A keyword (in this case) is mostly a single word but it can contain multiple words (AFAIK up to 3-5 words) as well. Maybe the term “tag” would be more clear. Let’s say I want to extract all skills from a job description. A skill can be eg. Java, C# … as well as “software development”, “project development” etc.

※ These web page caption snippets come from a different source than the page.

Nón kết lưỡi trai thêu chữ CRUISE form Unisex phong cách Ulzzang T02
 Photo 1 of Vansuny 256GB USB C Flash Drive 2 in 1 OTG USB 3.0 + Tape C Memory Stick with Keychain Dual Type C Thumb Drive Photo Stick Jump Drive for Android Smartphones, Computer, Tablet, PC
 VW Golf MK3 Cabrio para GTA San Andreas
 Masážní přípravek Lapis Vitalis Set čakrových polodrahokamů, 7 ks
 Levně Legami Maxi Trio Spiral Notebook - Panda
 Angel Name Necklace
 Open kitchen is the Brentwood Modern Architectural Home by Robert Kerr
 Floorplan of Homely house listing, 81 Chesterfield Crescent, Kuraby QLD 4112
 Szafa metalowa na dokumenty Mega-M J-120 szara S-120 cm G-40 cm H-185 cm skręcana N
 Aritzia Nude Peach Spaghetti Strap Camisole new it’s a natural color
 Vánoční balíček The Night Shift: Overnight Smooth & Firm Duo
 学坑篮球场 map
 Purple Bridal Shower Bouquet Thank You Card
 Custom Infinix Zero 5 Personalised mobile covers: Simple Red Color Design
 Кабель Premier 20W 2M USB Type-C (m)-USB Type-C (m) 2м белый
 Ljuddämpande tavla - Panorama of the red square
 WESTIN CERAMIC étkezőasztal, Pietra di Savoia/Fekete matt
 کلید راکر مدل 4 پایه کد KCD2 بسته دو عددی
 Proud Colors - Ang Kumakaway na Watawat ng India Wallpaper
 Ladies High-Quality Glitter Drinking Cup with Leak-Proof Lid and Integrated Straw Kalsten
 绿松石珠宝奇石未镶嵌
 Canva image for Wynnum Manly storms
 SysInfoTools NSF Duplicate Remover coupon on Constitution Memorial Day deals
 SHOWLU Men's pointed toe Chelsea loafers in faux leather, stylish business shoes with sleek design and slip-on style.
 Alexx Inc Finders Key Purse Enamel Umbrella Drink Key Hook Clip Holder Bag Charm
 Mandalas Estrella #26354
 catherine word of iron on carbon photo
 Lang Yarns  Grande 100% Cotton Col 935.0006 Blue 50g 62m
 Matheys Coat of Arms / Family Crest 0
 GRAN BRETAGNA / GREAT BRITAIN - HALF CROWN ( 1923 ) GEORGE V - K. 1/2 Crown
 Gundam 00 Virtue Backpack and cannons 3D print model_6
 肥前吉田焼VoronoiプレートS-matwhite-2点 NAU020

I have a database of skills (ID, title, …), so I loaded all skills into a Chroma:
import { OpenAIEmbeddingFunction, ChromaClient } from 'chromadb';
const embedder = new OpenAIEmbeddingFunction({ openai_api_key: OPENAI_API_KEY });
const client = new ChromaClient();
const collection = await client.getOrCreateCollection({
name: 'skills',
embeddingFunction: embedder
});
// for each skill
await collection.add({
ids: [skill.id.toString()],
metadatas: [skill],
documents: [skill.title],
});
Then, on the other side I want to perform the extraction:
import { RetrievalQAChain } from 'langchain/chains';
import { ChatOpenAI } from 'langchain/chat_models/openai';
import { OpenAIEmbeddings } from 'langchain/embeddings/openai';
import { Chroma } from 'langchain/vectorstores/chroma';
const embedding = new OpenAIEmbeddings({ openAIApiKey: OPENAI_API_KEY });
const vectordb = new Chroma(embedding, { collectionName: 'skills' });
const chain = RetrievalQAChain.fromLLM(
new ChatOpenAI({ modelName: 'gpt-3.5-turbo', maxTokens: 2000, openAIApiKey: OPENAI_API_KEY }),
vectordb.asRetriever(),
{ returnSourceDocuments: false }
);
const { text, sourceDocuments } = await chain.call({
query: `Based on a given context, extract all keywords from the following text: """
Our Requirements:
- Bachelor degree in Electrical Engineering or Computer Engineering or equivalent knowledge in the application of software engineering principles, theories, concepts, and techniques
- Knowledge of C++ and Python
- 4 + experience with software development
- Fluent in English
"""`
});
Simple prompt with no other instructions.
Sample result:
Keywords extracted from the text:
- Requirements
- Bachelor degree
- Electrical Engineering
- Computer Engineering
- equivalent knowledge
- application
- software engineering principles
- theories
- concepts
- techniques
- C++
- Python
- experience
- software development
- Fluent
- English
[
Document { pageContent: 'Data Extraction', metadata: {} },
Document { pageContent: 'Text Mining', metadata: {} },
Document { pageContent: 'Computer Engineering', metadata: {} },
Document { pageContent: 'Software Engineering', metadata: {} }
]
There are only 4 real matches: Electrical Engineering, Computer Engineering, C++, Python, software development
All other keywords are completely out of the given context. Especially eg. “Requirements”, “Bachelor degree”, “Fluent” etc. The same for returned source documents: the source text does not say anything about “Data extraction” or “Text mining”.
So my question is mainly - is this the right approach?